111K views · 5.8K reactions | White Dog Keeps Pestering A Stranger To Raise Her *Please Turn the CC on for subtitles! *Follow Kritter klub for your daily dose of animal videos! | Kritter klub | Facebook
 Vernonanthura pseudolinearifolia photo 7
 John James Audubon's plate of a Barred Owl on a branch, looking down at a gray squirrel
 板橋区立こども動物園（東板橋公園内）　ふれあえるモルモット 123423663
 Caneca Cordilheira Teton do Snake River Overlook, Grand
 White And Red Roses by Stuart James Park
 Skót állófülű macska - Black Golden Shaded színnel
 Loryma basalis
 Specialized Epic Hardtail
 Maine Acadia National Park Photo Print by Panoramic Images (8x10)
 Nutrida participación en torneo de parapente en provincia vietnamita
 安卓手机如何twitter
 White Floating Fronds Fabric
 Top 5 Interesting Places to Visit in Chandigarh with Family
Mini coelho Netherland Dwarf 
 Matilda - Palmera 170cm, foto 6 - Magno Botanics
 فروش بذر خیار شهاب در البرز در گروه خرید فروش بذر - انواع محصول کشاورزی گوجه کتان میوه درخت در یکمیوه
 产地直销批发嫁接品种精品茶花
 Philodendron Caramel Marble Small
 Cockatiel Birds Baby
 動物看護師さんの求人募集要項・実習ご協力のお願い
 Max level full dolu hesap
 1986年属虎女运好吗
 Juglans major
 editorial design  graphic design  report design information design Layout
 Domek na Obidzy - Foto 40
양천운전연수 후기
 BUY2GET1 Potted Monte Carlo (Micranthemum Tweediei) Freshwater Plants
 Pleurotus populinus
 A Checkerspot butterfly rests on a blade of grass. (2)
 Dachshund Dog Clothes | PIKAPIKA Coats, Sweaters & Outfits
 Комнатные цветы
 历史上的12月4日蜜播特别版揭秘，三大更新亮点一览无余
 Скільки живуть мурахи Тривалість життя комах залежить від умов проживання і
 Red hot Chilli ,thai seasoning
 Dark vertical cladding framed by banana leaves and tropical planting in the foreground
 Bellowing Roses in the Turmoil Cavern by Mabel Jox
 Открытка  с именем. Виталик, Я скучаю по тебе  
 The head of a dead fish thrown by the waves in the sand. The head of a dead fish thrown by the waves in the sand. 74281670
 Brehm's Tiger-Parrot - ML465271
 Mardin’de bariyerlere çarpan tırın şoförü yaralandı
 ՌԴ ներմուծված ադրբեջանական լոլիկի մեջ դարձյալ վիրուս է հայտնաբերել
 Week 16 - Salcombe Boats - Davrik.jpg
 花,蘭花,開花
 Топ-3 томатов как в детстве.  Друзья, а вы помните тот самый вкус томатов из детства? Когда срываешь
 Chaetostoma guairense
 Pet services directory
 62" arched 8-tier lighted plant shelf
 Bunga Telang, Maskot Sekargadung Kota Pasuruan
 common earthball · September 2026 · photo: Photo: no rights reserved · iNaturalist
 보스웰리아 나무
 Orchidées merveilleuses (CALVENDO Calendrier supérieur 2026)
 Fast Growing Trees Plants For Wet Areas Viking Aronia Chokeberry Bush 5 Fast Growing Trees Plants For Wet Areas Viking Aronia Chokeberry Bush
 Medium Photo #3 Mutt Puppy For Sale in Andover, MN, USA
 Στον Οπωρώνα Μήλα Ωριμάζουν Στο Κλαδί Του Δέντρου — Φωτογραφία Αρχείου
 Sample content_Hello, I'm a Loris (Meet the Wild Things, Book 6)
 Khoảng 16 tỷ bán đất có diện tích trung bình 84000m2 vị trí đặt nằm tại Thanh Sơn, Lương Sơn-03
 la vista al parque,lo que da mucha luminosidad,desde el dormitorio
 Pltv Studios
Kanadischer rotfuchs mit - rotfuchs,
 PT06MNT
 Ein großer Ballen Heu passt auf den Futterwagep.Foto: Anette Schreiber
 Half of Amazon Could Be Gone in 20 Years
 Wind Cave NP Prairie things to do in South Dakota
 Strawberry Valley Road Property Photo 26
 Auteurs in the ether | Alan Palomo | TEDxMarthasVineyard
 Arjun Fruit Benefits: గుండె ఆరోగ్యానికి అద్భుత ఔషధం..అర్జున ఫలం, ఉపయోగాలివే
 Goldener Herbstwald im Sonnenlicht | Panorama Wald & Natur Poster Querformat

■ PROBLEM TO WORK ON: Reproduce each line of the entries above from the one containing "Sample content_Hello, I'm" through the last, exactly, and no other line.

■ WRITTEN ANSWER:
 Sample content_Hello, I'm a Loris (Meet the Wild Things, Book 6)
 Khoảng 16 tỷ bán đất có diện tích trung bình 84000m2 vị trí đặt nằm tại Thanh Sơn, Lương Sơn-03
 la vista al parque,lo que da mucha luminosidad,desde el dormitorio
 Pltv Studios
Kanadischer rotfuchs mit - rotfuchs,
 PT06MNT
 Ein großer Ballen Heu passt auf den Futterwagep.Foto: Anette Schreiber
 Half of Amazon Could Be Gone in 20 Years
 Wind Cave NP Prairie things to do in South Dakota
 Strawberry Valley Road Property Photo 26
 Auteurs in the ether | Alan Palomo | TEDxMarthasVineyard
 Arjun Fruit Benefits: గుండె ఆరోగ్యానికి అద్భుత ఔషధం..అర్జున ఫలం, ఉపయోగాలివే
 Goldener Herbstwald im Sonnenlicht | Panorama Wald & Natur Poster Querformat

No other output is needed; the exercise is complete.